New York University's independent student newspaper, established in 1973.

Washington Square News

New York University's independent student newspaper, established in 1973.

Washington Square News

New York University's independent student newspaper, established in 1973.

Washington Square News

Review: ‘Muriel Hasbun: Tracing Terruño’ examines the fragility of memory and identity amid displacement

The photography exhibition is on view at the International Center of Photography until Jan. 8.
Kaleo Zhu
Volcanic rock scattered on the floor represents Hasburn’s roots in El Salvador and time spent in Auvergne, France. (Kaleo Zhu for WSN)

In her multimedia installation “Muriel Hasbun: Tracing Terruño,” or “Tracing Native Land,” the titular artist muses on the ideas of displacement and movement. Housed at the International Center of Photography on the Lower East Side, the exhibit explores how “la conexión y la separación están siempre en tensión” — how connection and separation are always in tension.

This idea is focal to Hasbun’s deeply personal collection, which focuses on migration and the feelings of loss that come with displacement — a concept that is undoubtedly relevant to many diasporic New Yorkers and students.

Growing up in El Salvador, Hasbun is a multimedia artist and photographer whose work has received international recognition by institutions like the Smithsonian American Art Museum and The Whitney.

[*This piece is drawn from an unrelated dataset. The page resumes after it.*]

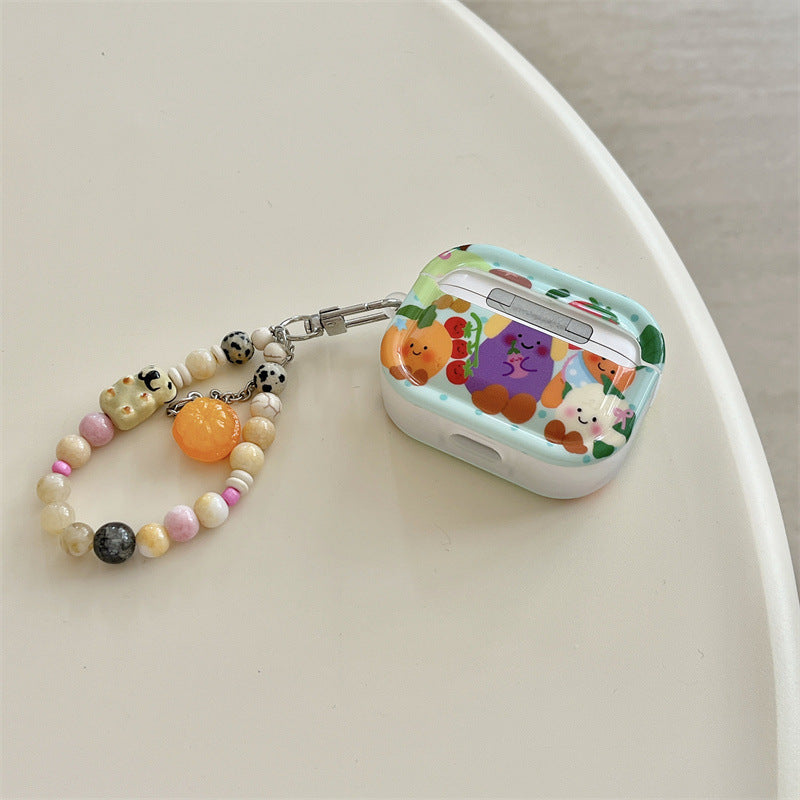 C151 Airpods 保护壳 可爱茄子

“Tracing Terruño” includes some of Hasbun’s earliest work from the late ‘80s up to her most recent pieces in a variety of media. In the artworks themselves, Hasbun captures images of herself and her relatives layered with scenery. “Santos y sombras / Saints and Shadows” is a series of 38 gelatin silver prints, which is a medium most commonly used in developing monochromatic photos. Hasbun conveys both uncertainty and reflection on her upbringing. Through a technique known as double exposure — where a photographer exposes a frame twice to different subjects, She juxtaposes the striking monochrome of the prints with wistful scenery, like forest clearings and often-faded photos of family members. 

The exhibition places themes of displacement and memory in conversation with one another. In “Pulse: New Cultural Registers / Pulso: Nuevos registros culturales,” Hasbun compiles her photography with familial archives from El Salvador to bridge her artistic techniques with history. Hasbun depicts her experiences during El Salvador’s civil war through a myriad of techniques, including contrasting distorted pigment prints with seismogram recordings in the piece “Muchacha por un nuevo milenio,” or “Girl in a new millennium.” 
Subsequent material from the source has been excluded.